C’è un aspetto politicamente assai rilevante nella
vicenda della sfiducia individuale al ministro del Lavoro, Giuliano Poletti,
che nelle analisi e nei commenti ancora non ha trovato adeguata attenzione.
Eppure si trattasi un elemento che squaderna scorci significativi per il
prosieguo della legislatura e soprattutto per gli schieramenti che si
confronteranno nella campagna elettorale delle elezioni politiche. Per
comprenderne la portata occorre guardare ai sottoscrittori della mozione e a
chi vi si oppone. Da un lato, infatti, ci sono Cinquestelle, Lega e Sinistra
Italiana; dall’altra il Pd e gli alleati di governo ( ma ormai senza Verdini)
con la necessaria sottolineatura che, almeno finora, né Gentiloni né Matteo
Renzi si sono espressi sulla questione, sia per difendere il ministro che per
prenderne le distanze. Al contrario, c’è stato un documento dei giovani piddini
di censura di Poletti e, per ultimo, la minaccia di Roberto Speranza della
sinistra dem con richiesta di modificare i voucher e il Jobs act pena il voto
favorevole sulla sfiducia. Forza Italia non ha preso posizione, pur se le
aperture di credito di Berlusconi al nuovo presidente del Consiglio non sono
certo passate inosservate e sono spia di un atteggiamento benevolo che sarà
interessante vedere come si tradurrà nel voto d’aula dove non ci sono
scappatoie: neppure quelle garantite dall’astensione visto che a palazzo Madama
l’astensione equivale ad un voto contrario. Questa è la fotografia delle forze
in campo. L’errore più grande sarebbe considerarla una foto statica: al
contrario è il panning, un’istantanea in movimento, il time lapse di una
evoluzione. Il dato vero, infatti, è che quando si arriverà al voto, nel catino
del Senato si sfideranno le due possibili alleanze che, almeno in nuce, saranno
in grado di governare l’Italia. Da un lato, l’intesa, ancora tutta da costruire
e tuttavia assai meno inverosimile che in passato, tra i grillini e la Lega.

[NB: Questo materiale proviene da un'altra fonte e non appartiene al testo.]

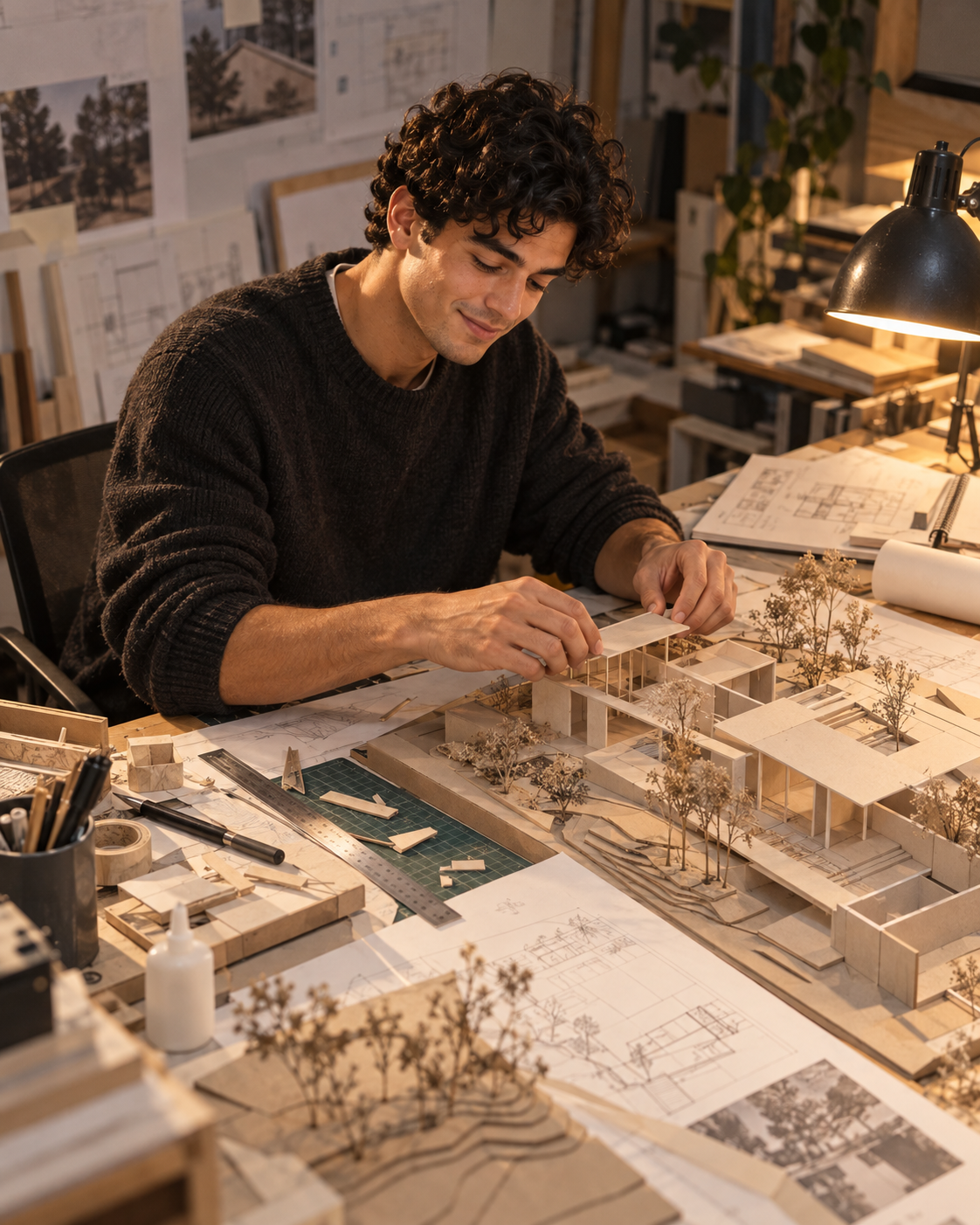 Alex construye una maqueta arquitectónica entre planos y materiales en una mesa de trabajo.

Un’intesa anti- sistema, che trova punti di contatto
definiti e quasi fisiologici: basta pensare
all’ultima uscita sugli immigrati postata da Beppe Grillo dopo r lRappresentazione
iperbolica, certo. Ma non così lontana dalla realtà. Prendiamo il binomio
Cinquestelle- Lega. Il no agli immigrati è ok, anche se sull’abolizione del
reato di immigrazione clandestina il web grillino a suo tempo inalberò un
semaforo rosso fisso. E quel No fa il paio con l’altro appena pronunciato sulle
riforme costituzionali renziane. Ma poi se dal No si passa ai necessari sì, il
panorama muta e grossissimi nuvoloni fanno capolino. A cominciare dalla riforma
elettorale da vergare a tamburo battente sulla quale Carroccio e grillini
mostrano distanze quasi abissali. Nè molto meglio vanno le cose dall’altra
parte. Si fa presto a dire Nazareno bis: sicuri che tutti dentro il Pd e FI
sono d’accordo? Non pare proprio. Una volta che il vassoio s’è rotto, come è
accaduto sull’elezione di Mattarella al Quirinale, rimettere insieme i cocci
non viene mai bene. Senza contare che anche qui passare dai No ai Sì è molto
complicato. Intanto perché No e Sì sono stati il discrimine della divaricazione
del 4 dicembre: cicatrici complicate da suturare. E poi perché governare
richiede sintonie assai più forti e solide di una manciata di strizzatine
d’occhio buttate là a beneficio dei taccuini dei cronisti sorseggiando spremute
nei ricevimenti. Un discorso a parte poi merita la sinistra bersaniana. Davvero
al momento del voto si schiererà assieme a leghisti e grillini, fiancheggiando
la possibile coalizione degli anti- sistema? Oppure, al contrario, è verosimile
rientri nei ranghi sostenendo un ministro espressione di scelte politiche e sociali
che vogliono cancellare? Bell’imbuto, non c’è che dire. In mezzo a questo mare
in tempesta ci sta Paolo Gentiloni e il suo governo, alle prese con un incastro
che è peggio del cubo di Rubik. Anche se in verità una soluzione ci sarebbe. Se
infatti Poletti, dopo tre anni passati al ministero, facesse un passo indietro
e tornare alle sue amate Coop, il problema evaporerebbe come rugiada mattutina.
Ma chi può davvero convincerlo a recedere? E soprattutto: a chi converrebbe di
più farlo? Al premier di adesso che ha il supporto del Colle, il quale di
andare ad elezioni subito non ne vuol sentir parlare, o quello di prima che non
vede l’ora di sentire il gong di una nuova campagna elettorale?